Considering how many standout moments punctuate this meeting of trombone icons, three in particular sum up most eloquently everything you’d want to know about Rosolino and Fontana. They all involve engaging in intimate, swinging, contrapuntal conversations without any “comments” from the rhythm players. These moments occur on “Just Friends,” Miles’ “All Blues,” and the neglected Dizzy Gillespie tune “Ow.” Each one follows an accumulation of ensemble and solo activity before heading for the out chorus. The trombonists apparently felt the need to explore the harmonic and rhythmic possibilities of certain up tunes without the restrictions that even the most sensitive rhythm sections can impose. So they luxuriated in the total freedom, as witness the number of tracks (six), and the total time (nearly 80 minutes).

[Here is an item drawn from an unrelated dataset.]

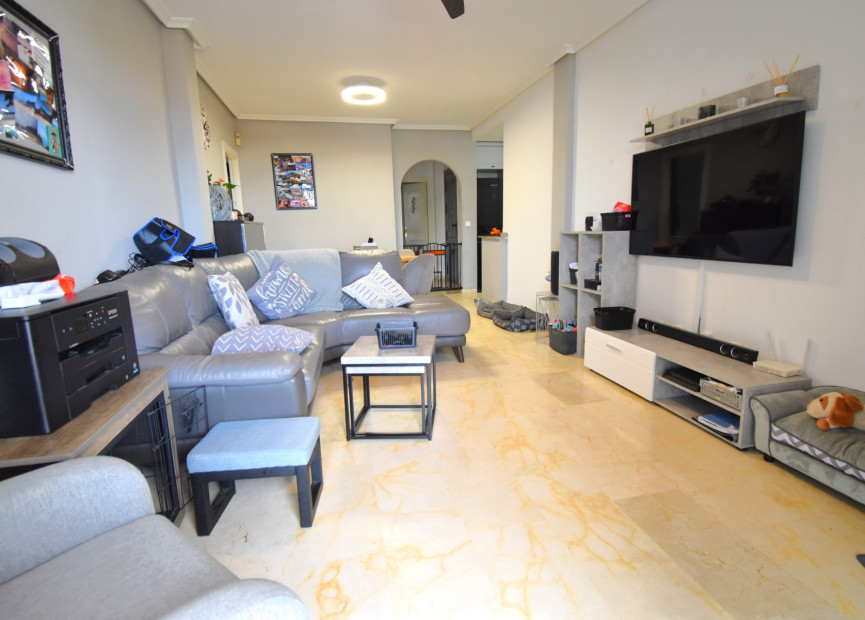 Herverkoop - 1. Appartement / flat - Orihuela Costa - Costa Blanca Zuid
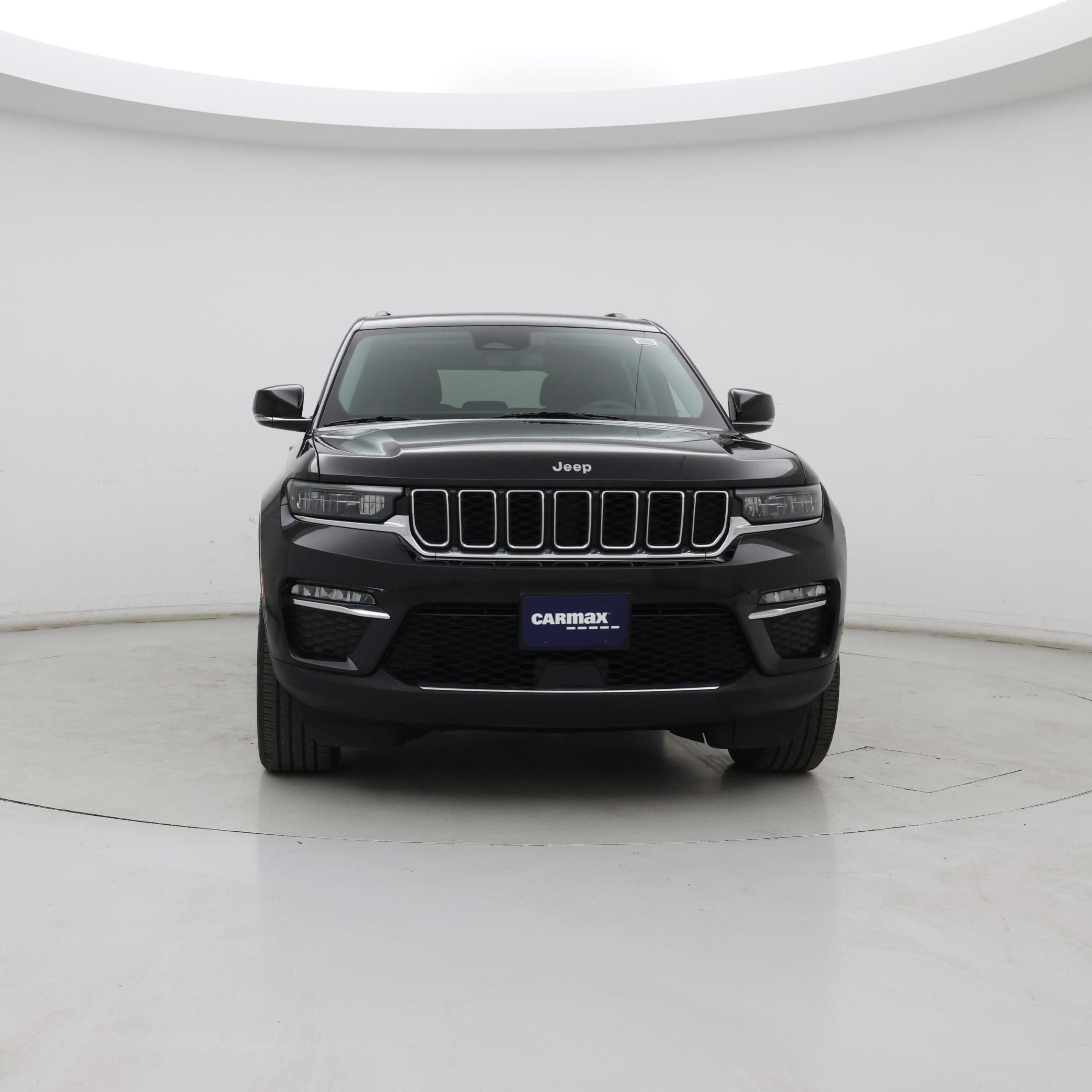 Thumbnail: 2023 Jeep Grand Cherokee - 5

Furthermore, why not allow those who have the most to say the opportunity to stretch out? And musically, Rosolino and Fontana had much to say to each other in August 1978, not that they could have foreseen the significance of that time frame. (Just three months later, Rosolino took his own life at age 52.) Fortunately the gig they called “Trombone Heaven” was recorded live, and recorded well, by Jack Stafford, showing how effectively a Vancouver, B.C., rhythm section (pianist Elmer Gill, bassist Torban Oxbol, drummer George Ursan) could support the ’bone players. You can easily distinguish between the trombonists: Fontana has a smoother tone; Rosolino takes more risks, often playing what may seem outrageous licks. Their duets reveal a certain ESP: They listen and anticipate. When one itches, the other scratches. Rosolino’s legendary sense of humor often shows up in his solos; check out his pickup notes for “Laura.” Fontana excelled at filling gaps (hear him fill his own on “Stardust”), and his subtle humor occasionally surfaced: for example, interpolating “C.C. Rider” at the beginning of “All Blues.”